● Work instructions
Make an exact copy of the lines from the top of the entries below through the line with "Woman in black". Leave all pictures out.

[Short text fragments from websites]

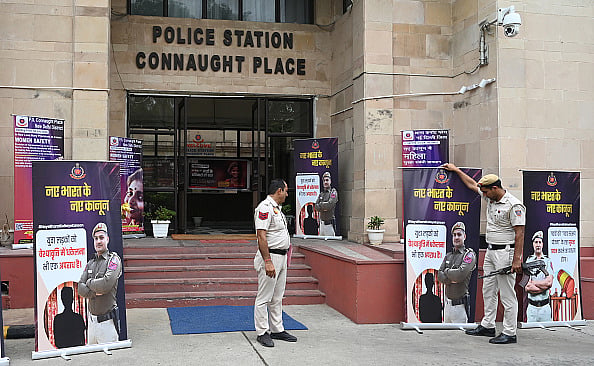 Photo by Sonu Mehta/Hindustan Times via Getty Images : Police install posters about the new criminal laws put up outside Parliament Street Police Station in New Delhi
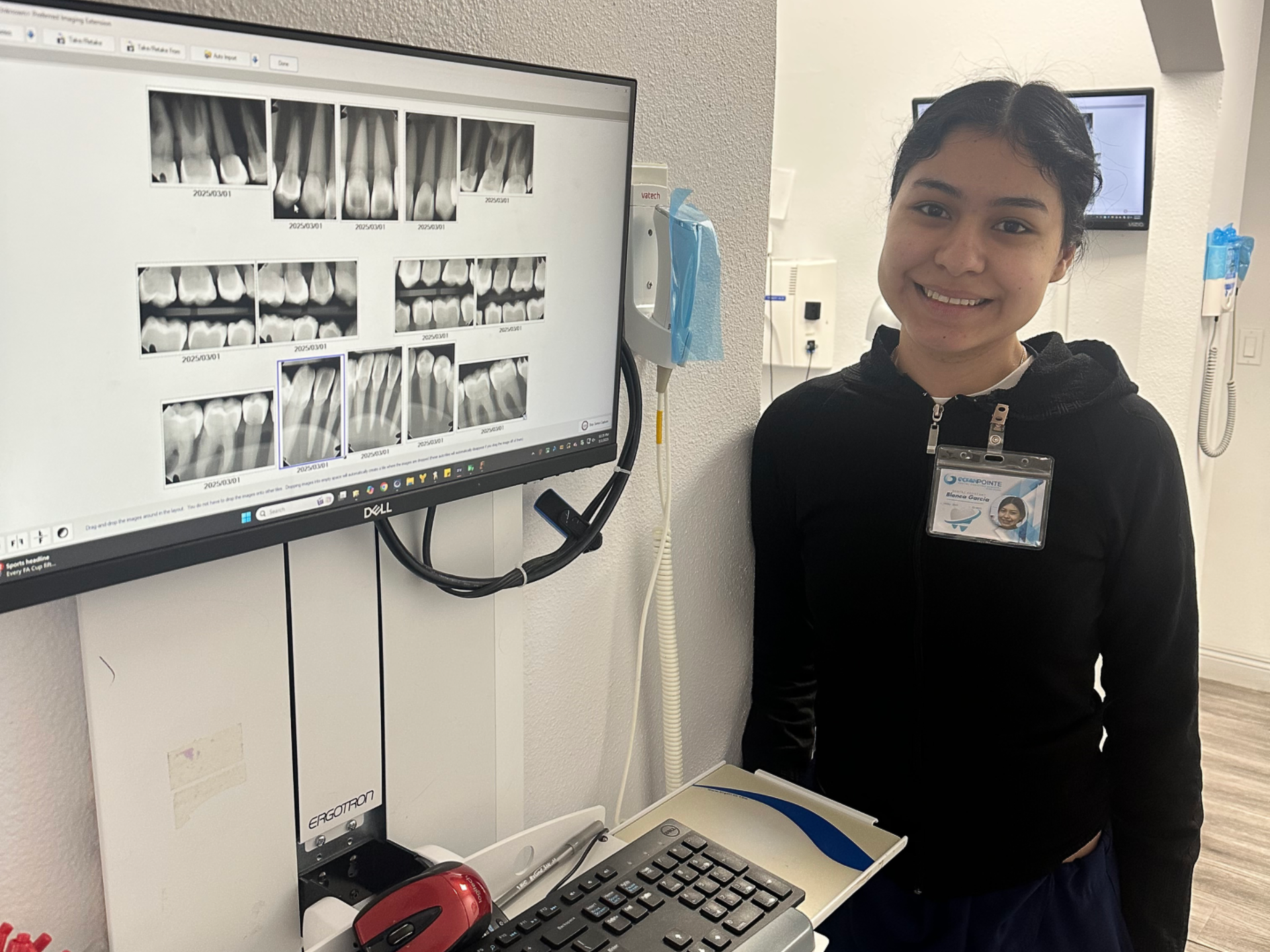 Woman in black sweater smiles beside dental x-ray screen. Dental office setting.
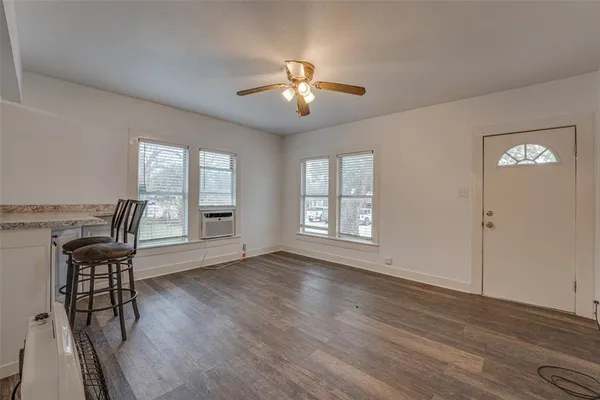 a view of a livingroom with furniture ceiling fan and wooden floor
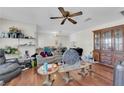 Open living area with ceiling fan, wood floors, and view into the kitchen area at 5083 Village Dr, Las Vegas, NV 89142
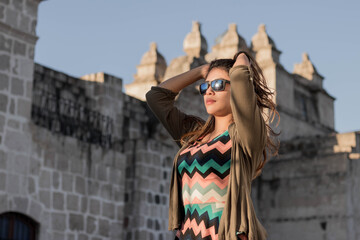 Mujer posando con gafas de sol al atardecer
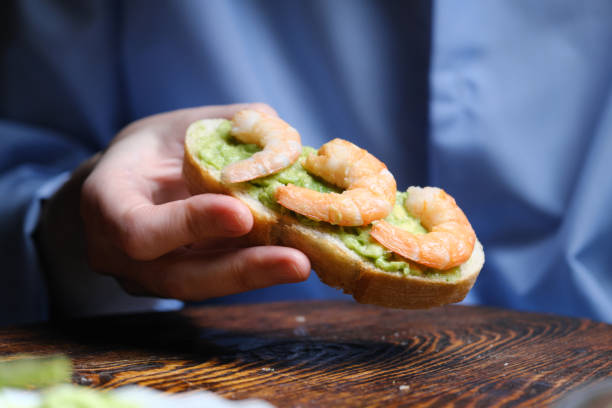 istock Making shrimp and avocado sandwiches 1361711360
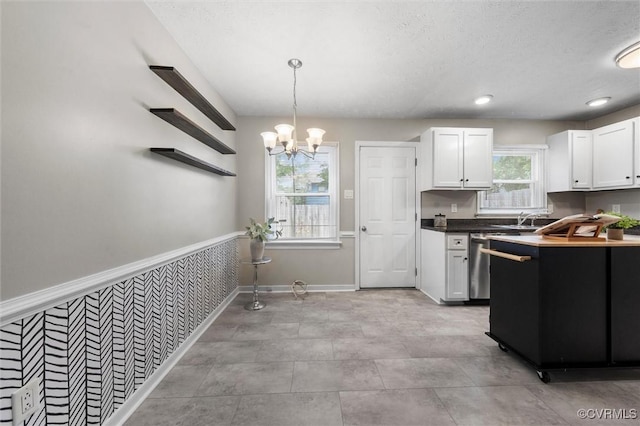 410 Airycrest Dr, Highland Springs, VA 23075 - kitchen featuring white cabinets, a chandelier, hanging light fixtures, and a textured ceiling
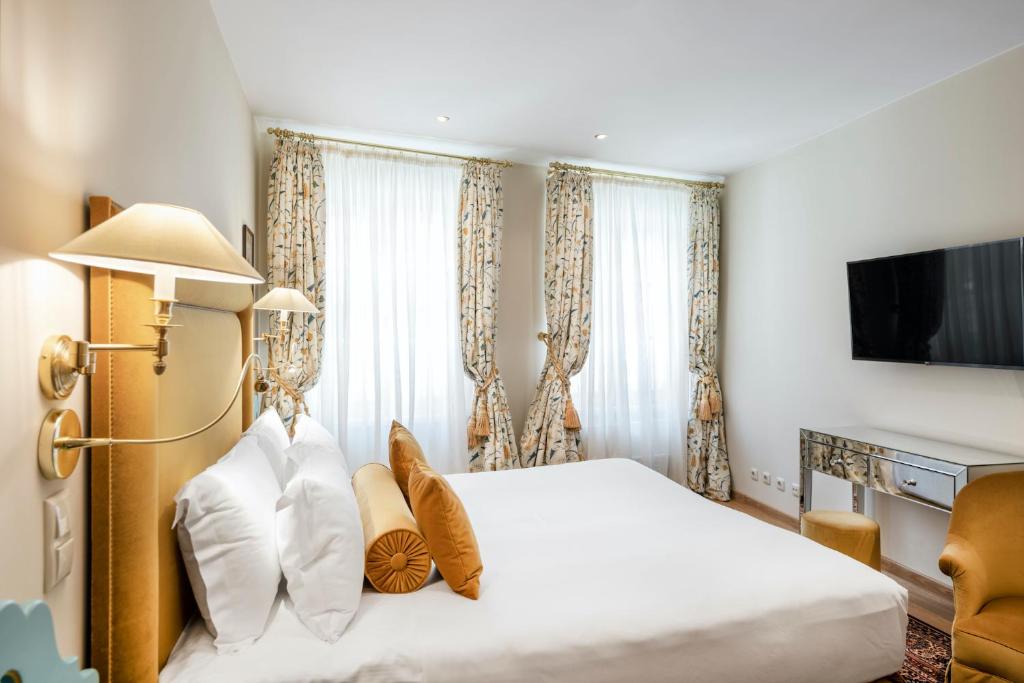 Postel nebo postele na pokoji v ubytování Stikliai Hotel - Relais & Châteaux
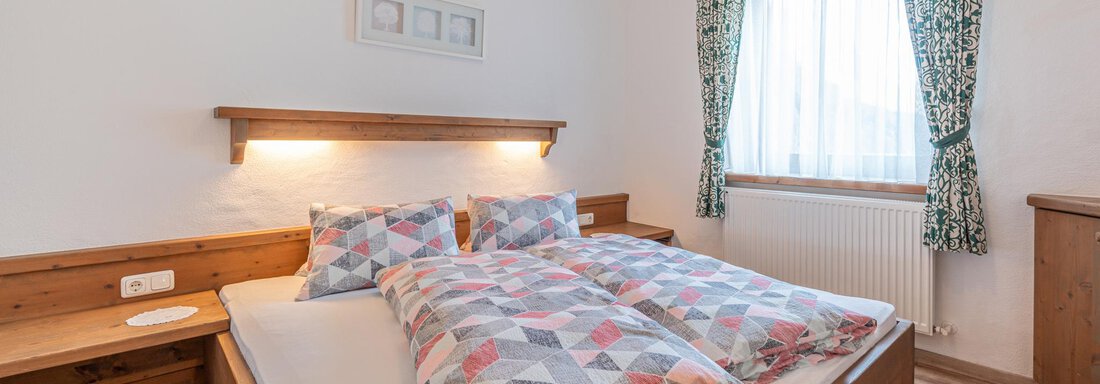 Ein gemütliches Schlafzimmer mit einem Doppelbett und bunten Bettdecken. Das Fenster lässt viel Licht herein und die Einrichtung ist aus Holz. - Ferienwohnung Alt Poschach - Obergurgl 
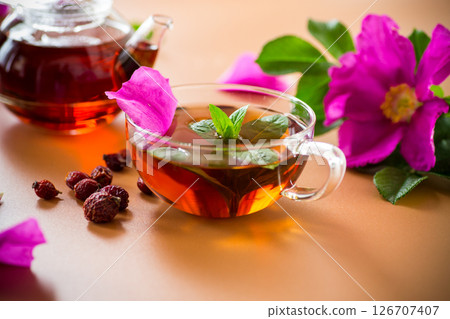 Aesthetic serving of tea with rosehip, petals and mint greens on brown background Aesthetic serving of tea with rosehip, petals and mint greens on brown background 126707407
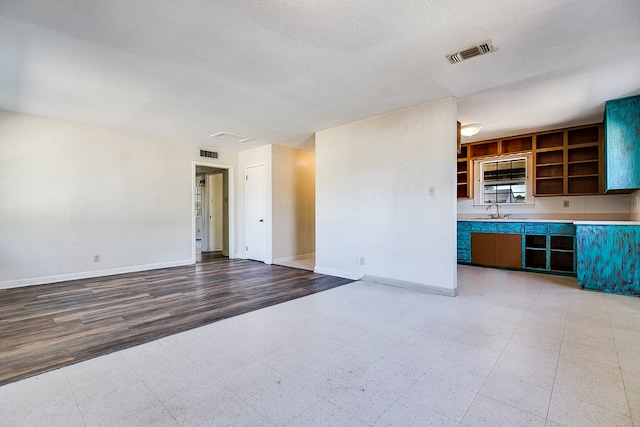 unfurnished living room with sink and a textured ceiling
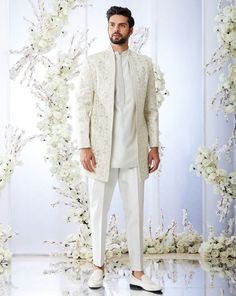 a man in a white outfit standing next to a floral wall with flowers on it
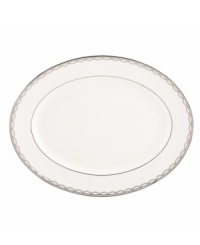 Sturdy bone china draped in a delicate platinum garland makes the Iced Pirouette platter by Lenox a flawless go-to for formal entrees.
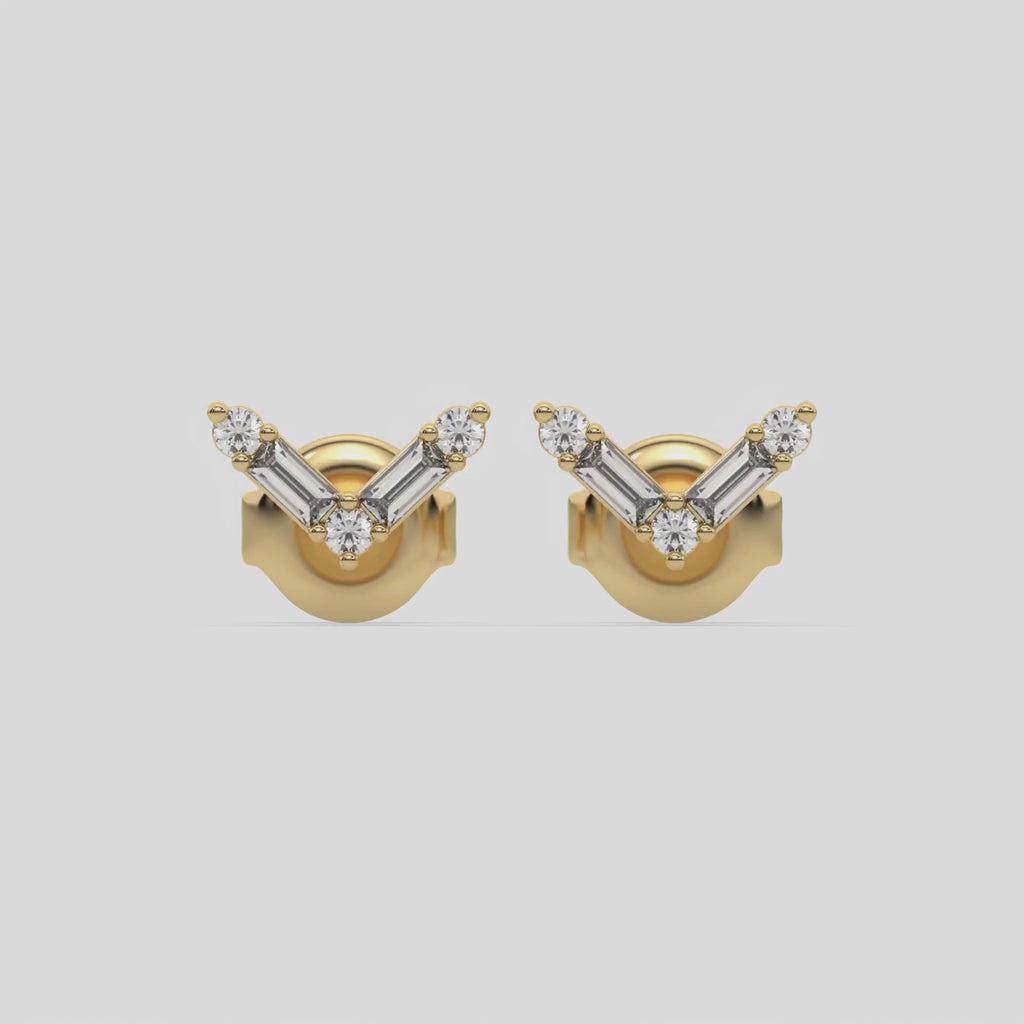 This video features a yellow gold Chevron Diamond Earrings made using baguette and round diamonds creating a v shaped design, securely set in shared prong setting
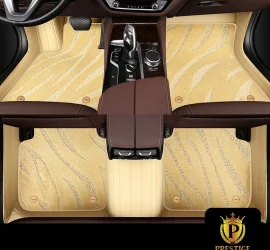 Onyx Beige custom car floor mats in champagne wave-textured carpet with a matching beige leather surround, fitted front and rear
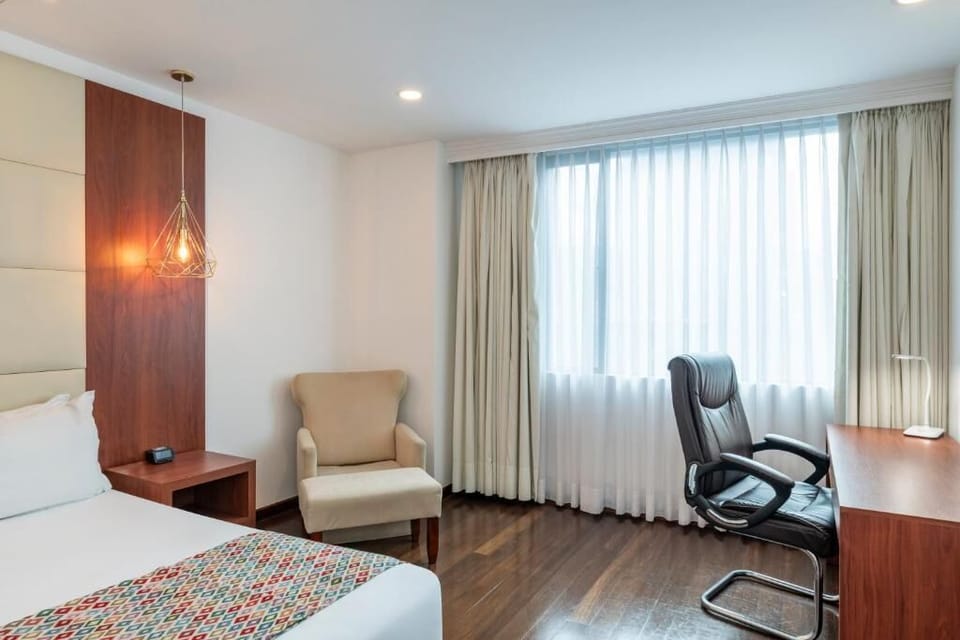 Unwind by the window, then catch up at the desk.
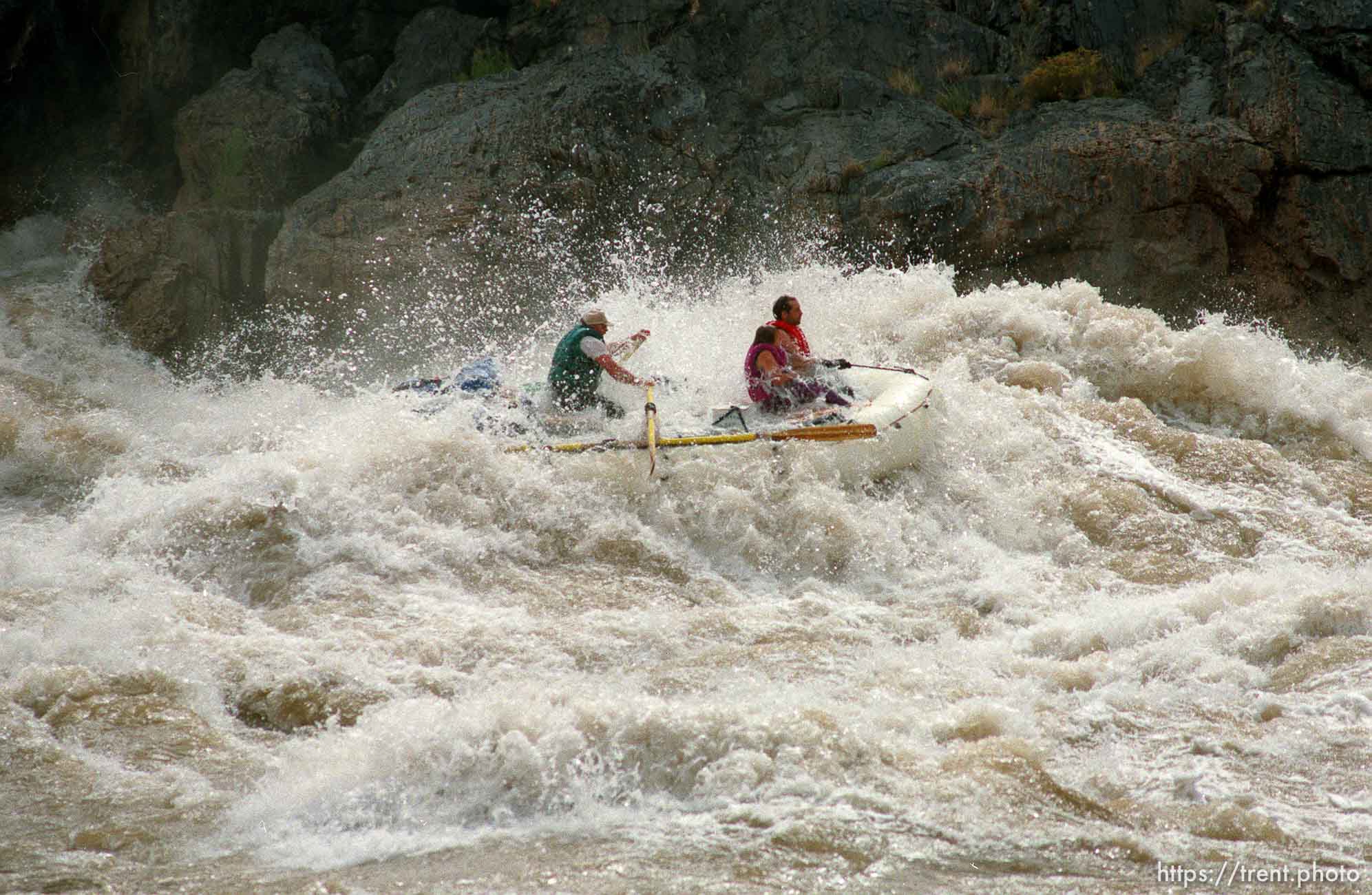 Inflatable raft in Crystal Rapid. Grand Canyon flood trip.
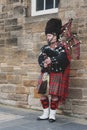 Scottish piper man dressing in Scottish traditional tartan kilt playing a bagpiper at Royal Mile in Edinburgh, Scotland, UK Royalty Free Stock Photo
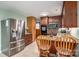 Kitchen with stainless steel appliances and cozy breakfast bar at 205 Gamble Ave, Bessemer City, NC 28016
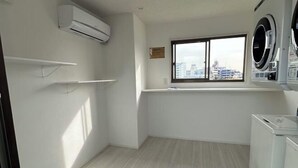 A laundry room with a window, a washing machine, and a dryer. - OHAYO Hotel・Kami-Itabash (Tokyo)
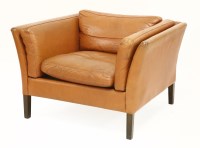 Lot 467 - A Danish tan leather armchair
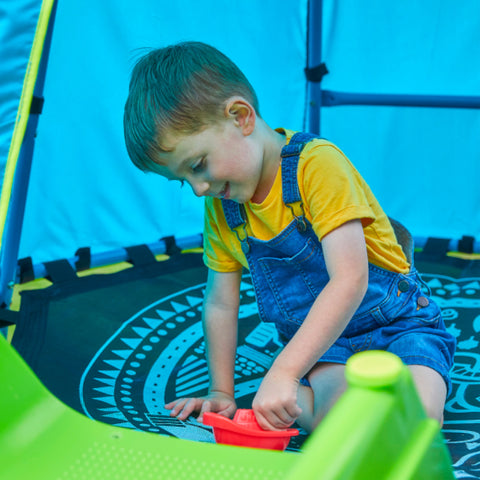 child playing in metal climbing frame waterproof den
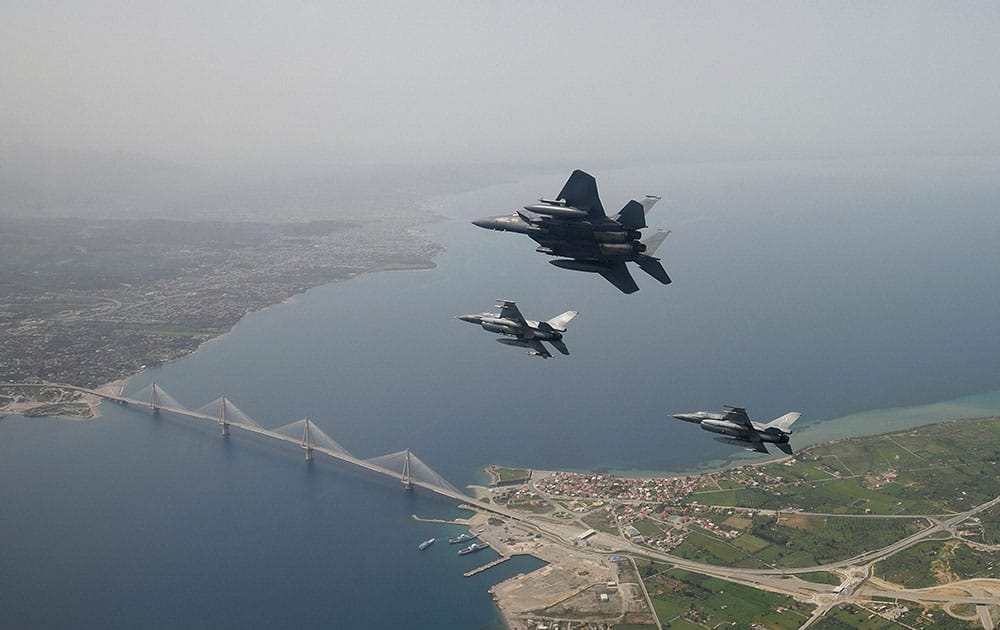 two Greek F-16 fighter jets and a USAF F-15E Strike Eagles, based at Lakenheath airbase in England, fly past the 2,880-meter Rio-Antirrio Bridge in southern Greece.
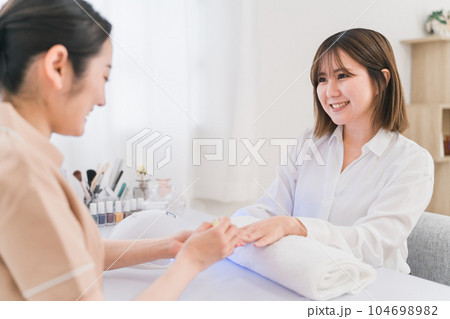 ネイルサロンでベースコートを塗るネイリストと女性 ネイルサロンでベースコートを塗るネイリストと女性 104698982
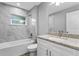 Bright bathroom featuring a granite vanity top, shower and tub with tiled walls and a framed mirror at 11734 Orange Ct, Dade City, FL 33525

● Result of this exercise
 Photo by Sonu Mehta/Hindustan Times via Getty Images : Police install posters about the new criminal laws put up outside Parliament Street Police Station in New Delhi
 Woman in black sweater smiles beside dental x-ray screen. Dental office setting.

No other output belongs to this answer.